> **DIRECTIONS**
From the entries below, retype only the lines from the one with "Next in the" through the one with "So firstly, there's", exactly as written.

· · · · ·

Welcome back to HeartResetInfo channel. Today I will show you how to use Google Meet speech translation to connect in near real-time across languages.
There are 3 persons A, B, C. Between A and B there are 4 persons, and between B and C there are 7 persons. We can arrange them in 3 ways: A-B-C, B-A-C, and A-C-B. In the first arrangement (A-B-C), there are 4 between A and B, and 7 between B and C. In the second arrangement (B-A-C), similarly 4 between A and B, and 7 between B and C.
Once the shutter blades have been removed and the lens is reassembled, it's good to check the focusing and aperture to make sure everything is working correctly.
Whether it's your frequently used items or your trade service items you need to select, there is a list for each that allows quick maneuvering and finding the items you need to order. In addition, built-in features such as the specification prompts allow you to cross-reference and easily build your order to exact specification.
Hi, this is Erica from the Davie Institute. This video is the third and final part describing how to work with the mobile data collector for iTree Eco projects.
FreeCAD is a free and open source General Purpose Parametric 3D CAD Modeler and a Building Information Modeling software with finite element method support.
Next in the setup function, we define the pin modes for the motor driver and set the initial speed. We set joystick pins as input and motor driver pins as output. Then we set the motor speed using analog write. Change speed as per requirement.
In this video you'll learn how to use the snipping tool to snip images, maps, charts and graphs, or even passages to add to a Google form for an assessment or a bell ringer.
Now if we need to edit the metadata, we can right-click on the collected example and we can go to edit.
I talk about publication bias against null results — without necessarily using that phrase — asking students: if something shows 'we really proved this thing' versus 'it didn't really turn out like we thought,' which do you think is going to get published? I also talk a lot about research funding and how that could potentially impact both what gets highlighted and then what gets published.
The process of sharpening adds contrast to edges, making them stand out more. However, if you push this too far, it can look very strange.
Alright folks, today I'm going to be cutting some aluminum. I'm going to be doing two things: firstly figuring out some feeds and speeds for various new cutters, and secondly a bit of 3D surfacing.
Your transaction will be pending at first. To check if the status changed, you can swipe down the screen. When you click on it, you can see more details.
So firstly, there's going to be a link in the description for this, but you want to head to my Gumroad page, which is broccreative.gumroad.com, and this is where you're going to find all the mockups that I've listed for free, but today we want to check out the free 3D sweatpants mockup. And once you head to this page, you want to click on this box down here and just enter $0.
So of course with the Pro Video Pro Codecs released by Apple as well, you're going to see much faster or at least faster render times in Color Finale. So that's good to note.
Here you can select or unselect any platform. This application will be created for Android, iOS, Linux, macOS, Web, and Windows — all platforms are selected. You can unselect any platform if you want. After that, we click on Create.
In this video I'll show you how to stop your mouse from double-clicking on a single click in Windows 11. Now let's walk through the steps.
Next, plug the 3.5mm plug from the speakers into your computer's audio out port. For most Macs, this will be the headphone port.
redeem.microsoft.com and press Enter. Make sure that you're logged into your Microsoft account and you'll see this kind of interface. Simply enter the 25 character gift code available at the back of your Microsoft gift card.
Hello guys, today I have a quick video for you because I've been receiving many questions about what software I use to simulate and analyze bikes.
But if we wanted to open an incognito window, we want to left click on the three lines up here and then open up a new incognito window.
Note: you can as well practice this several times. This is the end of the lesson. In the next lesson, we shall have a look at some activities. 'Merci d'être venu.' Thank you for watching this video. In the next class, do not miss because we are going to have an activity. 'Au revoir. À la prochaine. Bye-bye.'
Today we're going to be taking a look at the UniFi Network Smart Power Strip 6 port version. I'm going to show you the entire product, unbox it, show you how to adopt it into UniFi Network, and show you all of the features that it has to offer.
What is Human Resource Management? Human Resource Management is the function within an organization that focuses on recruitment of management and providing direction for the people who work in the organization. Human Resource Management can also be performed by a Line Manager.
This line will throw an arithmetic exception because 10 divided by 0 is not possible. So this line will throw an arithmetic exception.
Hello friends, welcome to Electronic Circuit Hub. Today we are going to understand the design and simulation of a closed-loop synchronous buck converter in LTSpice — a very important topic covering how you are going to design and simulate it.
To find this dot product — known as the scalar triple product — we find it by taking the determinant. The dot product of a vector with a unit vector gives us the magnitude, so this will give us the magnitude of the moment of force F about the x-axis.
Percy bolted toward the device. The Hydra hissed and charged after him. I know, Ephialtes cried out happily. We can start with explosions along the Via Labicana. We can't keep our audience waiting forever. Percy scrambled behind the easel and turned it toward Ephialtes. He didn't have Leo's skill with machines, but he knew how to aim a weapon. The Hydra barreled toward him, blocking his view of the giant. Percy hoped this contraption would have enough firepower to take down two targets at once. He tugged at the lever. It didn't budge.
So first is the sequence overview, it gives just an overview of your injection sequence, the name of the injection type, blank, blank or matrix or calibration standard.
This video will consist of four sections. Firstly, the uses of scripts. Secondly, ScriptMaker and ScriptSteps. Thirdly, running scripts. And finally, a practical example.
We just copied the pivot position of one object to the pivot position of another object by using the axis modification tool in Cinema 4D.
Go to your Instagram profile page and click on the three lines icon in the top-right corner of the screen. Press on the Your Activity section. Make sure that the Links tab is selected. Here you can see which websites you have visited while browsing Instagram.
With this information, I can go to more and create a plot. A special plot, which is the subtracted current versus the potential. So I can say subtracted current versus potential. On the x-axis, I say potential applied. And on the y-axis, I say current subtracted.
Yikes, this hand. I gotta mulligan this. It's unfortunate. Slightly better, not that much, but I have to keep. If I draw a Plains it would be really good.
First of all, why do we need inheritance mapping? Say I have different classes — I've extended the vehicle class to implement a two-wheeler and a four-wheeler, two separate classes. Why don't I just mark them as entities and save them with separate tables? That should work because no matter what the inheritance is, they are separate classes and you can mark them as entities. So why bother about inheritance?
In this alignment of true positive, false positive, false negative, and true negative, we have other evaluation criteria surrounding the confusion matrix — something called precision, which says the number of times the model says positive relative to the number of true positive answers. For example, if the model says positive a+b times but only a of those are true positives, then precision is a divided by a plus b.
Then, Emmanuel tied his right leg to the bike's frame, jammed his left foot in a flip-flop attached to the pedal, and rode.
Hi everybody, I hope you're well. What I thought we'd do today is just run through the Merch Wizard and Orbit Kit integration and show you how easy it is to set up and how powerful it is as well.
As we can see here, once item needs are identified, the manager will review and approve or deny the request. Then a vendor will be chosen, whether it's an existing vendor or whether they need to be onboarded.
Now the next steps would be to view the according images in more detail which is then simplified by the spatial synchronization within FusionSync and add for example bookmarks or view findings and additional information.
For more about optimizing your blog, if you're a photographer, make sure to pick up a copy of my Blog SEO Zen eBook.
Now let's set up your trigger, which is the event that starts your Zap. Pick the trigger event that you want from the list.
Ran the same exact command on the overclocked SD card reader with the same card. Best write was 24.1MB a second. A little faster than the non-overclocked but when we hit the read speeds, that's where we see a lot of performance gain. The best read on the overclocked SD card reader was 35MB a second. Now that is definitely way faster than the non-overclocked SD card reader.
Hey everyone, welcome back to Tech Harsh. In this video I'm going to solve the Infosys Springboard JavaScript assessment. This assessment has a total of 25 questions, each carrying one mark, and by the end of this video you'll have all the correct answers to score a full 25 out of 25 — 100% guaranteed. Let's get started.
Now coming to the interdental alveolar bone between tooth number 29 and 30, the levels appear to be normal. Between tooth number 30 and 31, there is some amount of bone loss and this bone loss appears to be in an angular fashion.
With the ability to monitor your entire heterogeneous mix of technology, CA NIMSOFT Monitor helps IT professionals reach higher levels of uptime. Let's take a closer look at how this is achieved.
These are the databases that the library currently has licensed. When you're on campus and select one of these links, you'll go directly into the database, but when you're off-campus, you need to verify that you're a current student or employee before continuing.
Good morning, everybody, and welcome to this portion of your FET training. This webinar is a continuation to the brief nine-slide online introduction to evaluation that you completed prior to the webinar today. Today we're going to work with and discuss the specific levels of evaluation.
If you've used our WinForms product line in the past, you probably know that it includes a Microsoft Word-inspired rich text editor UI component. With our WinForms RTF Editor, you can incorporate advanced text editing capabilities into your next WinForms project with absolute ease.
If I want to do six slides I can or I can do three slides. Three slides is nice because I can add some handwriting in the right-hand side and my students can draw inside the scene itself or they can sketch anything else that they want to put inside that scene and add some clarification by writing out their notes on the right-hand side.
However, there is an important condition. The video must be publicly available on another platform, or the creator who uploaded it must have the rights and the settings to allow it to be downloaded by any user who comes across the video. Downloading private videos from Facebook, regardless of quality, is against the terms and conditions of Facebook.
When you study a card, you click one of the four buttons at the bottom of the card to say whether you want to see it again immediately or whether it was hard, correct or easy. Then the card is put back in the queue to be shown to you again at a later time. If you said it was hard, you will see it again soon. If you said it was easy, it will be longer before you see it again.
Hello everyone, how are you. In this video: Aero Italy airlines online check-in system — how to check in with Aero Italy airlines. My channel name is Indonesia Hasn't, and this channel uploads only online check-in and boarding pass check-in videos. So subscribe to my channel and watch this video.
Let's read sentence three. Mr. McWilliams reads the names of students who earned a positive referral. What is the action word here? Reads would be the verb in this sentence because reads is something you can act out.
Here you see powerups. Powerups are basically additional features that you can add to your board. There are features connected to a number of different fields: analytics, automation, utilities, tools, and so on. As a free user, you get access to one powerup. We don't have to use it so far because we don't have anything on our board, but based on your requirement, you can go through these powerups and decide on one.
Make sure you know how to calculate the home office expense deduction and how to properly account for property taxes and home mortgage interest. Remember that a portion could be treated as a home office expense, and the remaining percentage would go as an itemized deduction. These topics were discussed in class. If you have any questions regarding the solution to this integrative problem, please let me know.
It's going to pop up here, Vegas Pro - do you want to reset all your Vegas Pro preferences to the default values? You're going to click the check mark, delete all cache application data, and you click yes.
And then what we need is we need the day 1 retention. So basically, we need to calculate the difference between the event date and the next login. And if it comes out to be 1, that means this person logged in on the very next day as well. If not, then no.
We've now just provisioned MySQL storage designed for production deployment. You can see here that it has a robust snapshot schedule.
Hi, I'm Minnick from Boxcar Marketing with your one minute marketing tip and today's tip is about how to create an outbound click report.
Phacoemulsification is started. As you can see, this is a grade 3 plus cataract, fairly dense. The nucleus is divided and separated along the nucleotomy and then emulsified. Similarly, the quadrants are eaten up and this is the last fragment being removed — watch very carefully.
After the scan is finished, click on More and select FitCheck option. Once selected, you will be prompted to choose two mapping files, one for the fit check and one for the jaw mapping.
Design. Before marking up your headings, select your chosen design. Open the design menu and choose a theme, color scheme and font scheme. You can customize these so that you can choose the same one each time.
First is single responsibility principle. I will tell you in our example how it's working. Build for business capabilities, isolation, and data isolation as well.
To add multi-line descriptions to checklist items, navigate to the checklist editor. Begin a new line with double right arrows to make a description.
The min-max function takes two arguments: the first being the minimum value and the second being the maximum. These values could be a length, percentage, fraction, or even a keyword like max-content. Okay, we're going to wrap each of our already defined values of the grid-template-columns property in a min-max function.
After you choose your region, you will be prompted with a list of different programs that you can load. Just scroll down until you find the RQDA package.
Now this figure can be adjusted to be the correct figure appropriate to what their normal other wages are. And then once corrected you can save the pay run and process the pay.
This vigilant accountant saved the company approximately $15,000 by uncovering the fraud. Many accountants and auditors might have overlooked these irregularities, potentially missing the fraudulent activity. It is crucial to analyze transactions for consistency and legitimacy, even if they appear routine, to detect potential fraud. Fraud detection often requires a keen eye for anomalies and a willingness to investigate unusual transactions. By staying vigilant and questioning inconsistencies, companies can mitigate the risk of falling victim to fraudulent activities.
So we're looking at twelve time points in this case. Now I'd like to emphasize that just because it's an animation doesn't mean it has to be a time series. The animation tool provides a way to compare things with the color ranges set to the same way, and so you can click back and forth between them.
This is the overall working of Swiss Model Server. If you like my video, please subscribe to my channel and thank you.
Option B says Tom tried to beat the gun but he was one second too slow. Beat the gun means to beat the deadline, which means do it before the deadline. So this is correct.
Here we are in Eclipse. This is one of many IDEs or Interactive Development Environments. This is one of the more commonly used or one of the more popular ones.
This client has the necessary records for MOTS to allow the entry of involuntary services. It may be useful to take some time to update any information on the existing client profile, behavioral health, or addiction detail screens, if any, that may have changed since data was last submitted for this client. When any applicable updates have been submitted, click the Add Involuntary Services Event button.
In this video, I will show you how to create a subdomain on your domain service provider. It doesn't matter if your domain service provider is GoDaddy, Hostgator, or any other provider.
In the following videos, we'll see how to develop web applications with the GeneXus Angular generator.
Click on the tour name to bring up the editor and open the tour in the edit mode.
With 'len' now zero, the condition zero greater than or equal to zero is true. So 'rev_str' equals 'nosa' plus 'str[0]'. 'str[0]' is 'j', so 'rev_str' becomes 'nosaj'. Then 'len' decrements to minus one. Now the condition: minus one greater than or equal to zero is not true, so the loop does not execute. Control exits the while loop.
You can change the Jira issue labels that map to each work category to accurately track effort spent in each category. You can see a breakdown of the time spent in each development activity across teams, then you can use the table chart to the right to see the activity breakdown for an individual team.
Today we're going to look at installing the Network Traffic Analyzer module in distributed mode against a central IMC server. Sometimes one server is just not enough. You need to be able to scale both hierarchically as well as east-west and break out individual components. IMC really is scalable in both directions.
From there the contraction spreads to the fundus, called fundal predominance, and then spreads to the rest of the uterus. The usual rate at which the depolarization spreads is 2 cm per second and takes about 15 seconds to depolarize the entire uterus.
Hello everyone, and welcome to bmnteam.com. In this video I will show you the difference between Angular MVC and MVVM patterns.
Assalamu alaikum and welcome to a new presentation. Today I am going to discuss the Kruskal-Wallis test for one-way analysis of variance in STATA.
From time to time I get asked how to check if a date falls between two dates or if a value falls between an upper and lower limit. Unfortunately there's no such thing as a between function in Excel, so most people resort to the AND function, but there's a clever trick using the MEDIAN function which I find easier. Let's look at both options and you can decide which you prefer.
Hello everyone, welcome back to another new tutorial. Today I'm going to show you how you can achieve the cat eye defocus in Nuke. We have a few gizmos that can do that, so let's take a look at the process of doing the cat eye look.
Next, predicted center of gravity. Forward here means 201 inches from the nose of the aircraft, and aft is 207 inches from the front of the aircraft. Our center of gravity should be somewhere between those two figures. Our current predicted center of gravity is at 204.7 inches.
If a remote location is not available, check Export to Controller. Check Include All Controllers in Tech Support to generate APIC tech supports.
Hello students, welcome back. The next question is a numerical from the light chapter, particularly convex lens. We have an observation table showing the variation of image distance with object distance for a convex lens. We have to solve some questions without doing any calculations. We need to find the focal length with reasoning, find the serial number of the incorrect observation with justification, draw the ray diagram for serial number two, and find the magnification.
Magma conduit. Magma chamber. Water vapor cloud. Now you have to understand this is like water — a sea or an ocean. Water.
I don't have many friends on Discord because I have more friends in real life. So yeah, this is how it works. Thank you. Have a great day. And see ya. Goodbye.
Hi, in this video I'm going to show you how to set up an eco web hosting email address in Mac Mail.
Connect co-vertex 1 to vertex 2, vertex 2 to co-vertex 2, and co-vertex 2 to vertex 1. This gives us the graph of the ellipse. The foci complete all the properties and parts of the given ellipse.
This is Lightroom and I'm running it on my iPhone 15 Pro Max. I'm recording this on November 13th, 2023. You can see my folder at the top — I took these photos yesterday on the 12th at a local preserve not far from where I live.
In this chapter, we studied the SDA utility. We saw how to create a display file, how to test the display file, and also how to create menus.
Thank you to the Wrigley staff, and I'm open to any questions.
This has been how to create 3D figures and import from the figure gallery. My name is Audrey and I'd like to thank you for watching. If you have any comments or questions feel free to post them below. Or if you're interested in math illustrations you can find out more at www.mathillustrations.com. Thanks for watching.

· · · · ·

> **EXPECTED ANSWER**
Next in the setup function, we define the pin modes for the motor driver and set the initial speed. We set joystick pins as input and motor driver pins as output. Then we set the motor speed using analog write. Change speed as per requirement.
In this video you'll learn how to use the snipping tool to snip images, maps, charts and graphs, or even passages to add to a Google form for an assessment or a bell ringer.
Now if we need to edit the metadata, we can right-click on the collected example and we can go to edit.
I talk about publication bias against null results — without necessarily using that phrase — asking students: if something shows 'we really proved this thing' versus 'it didn't really turn out like we thought,' which do you think is going to get published? I also talk a lot about research funding and how that could potentially impact both what gets highlighted and then what gets published.
The process of sharpening adds contrast to edges, making them stand out more. However, if you push this too far, it can look very strange.
Alright folks, today I'm going to be cutting some aluminum. I'm going to be doing two things: firstly figuring out some feeds and speeds for various new cutters, and secondly a bit of 3D surfacing.
Your transaction will be pending at first. To check if the status changed, you can swipe down the screen. When you click on it, you can see more details.
So firstly, there's going to be a link in the description for this, but you want to head to my Gumroad page, which is broccreative.gumroad.com, and this is where you're going to find all the mockups that I've listed for free, but today we want to check out the free 3D sweatpants mockup. And once you head to this page, you want to click on this box down here and just enter $0.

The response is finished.